Jeden z moich znajomych już dawno pozbył się telewizora. Namawiał mnie ostatnio kolejny raz, żebym poszedł w jego ślady.
Tłumaczył, że telewizja we współczesnym wydaniu przypomina kamień młyński, który przywiązuje się człowiekowi do nogi nie tyle po to, aby go utopić w głębinach, ile po to, aby go zatrzymać w jednym miejscu. „To rodzaj zniewolenia, ograniczenia twojej wolności” - objaśniał znajomy i przytaczał dane, z których wynika, że prawie połowa Amerykanów w wieku 22-45 lat nie ogląda tradycyjnej telewizji.
Nie znaczy to wcale, że w ogóle zrezygnowali z odbioru programów telewizyjnych. Oglądają je za pośrednictwem serwisów streamingowych i aplikacji mobilnych. Jedna z renomowanych amerykańskich agencji reklamowych opracowała nawet raport poświęcony tej sprawie. Według niego ze względu na zmiany w modelu odbioru treści medialnych dotarcie z przekazem reklamowym do młodych Amerykanów jest bardzo utrudnione, a efektywność reklam trudna do oceniania. Tego rodzaju stwierdzenia idą pod prąd dość powszechnemu przekonaniu, że gdzie jak gdzie, ale w internecie skuteczność i mierzalność reklamy jest zdecydowanie większa niż w tradycyjnych mediach. Okazuje się, że niekoniecznie.
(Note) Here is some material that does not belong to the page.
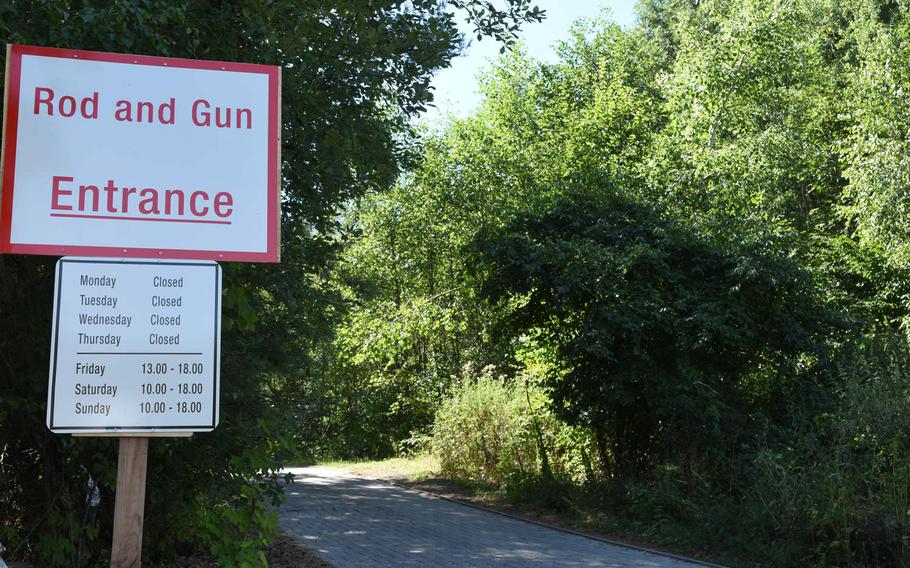 The entrance to the Kaiserslautern Rod and Gun Club heads up a slope into the forest off a side street outside of Vogelweh and Pulaski Barracks in Kaiserslautern, Germany, in August 2018.

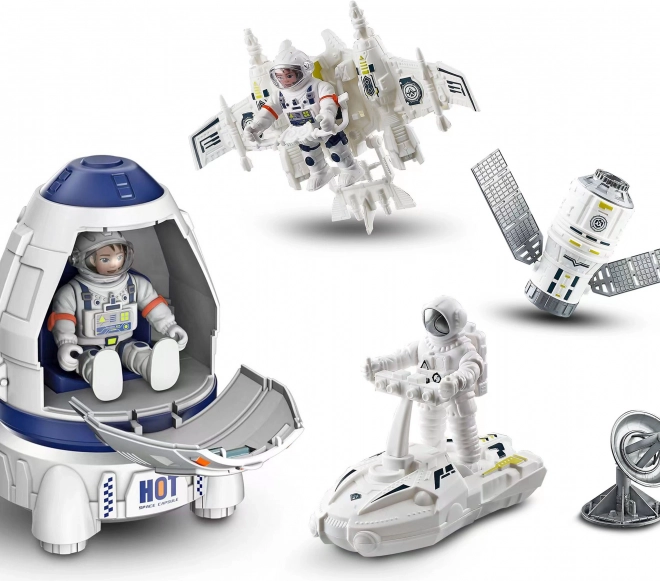 Set spatial avec fusée et 2 figurines d’astronautes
Zdaniem mojego pozbawionego telewizora znajomego globalna sieć ma przewagę nad każdą ofertą telewizyjną. Aby to udowodnić, wypytywał mnie, z jakiego dostawcy sygnału telewizyjnego korzystam. Z kablówki, czy z satelity? Gdy odpowiedziałem, szybko uzmysłowił mi, że chociaż za pośrednictwem dekodera mam dostęp do całkiem sporej listy kanałów, tak naprawdę większość z nich zupełnie mnie nie interesuje. „Zauważyłeś, że na przykład wiele kanałów filmowych tak naprawdę puszcza w koło mniej niż dziesięć seriali, z rzadka okraszając ofertę jakąś ciekawszą i w miarę nową produkcją?” - dociekał. Gdy przyznałem mu rację, dorzucił: „A wiesz, że są w Polsce dziesiątki tysięcy takich ludzi, którzy mają do dyspozycji jedynie to, co wyłapią anteną do naziemnej telewizji cyfrowej?”.
„Może dlatego Polscy internauci częściej oglądają wideo niż czytają blogi i korzystają z social media” - zaryzykowałem sugestię, opartą na dopiero co opublikowanych wynikach globalnych badań. Znajomy wzruszył ramionami. „Nie wyciągajmy zbyt daleko idących wniosków” - zmitygował mnie i zaczął długi wywód na temat tego, jak istotny jest dostęp do wielu źródeł treści, najlepiej, żeby była ich nieograniczona ilość.
„To rodzi konieczność znacznie bardziej skomplikowanego wyboru niż z ograniczonej oferty” - wpadłem mu w słowo. „Otóż to!” - ucieszył się mój znajomy. „Szukanie i wybieranie rozwija” - powiedział z entuzjazmem. „Ale też męczy i zajmuje mnóstwo czasu” - dodał po chwili z miną kogoś, kto nie ukrywa problemów. „I to jest właśnie zadanie dla ludzkości na najbliższy czas” - oświadczył zdecydowanym tonem. „W czasach, gdy dostęp do wszelkiego typu treści możliwy jest wszędzie i o każdej porze, najważniejszą sprawą jest umiejętność wybrania tego, co istotne i wartościowe. Tego po prostu trzeba uczyć od najmłodszych lat. Zgadzasz się?”. Pokiwałem głową. Z przekonaniem.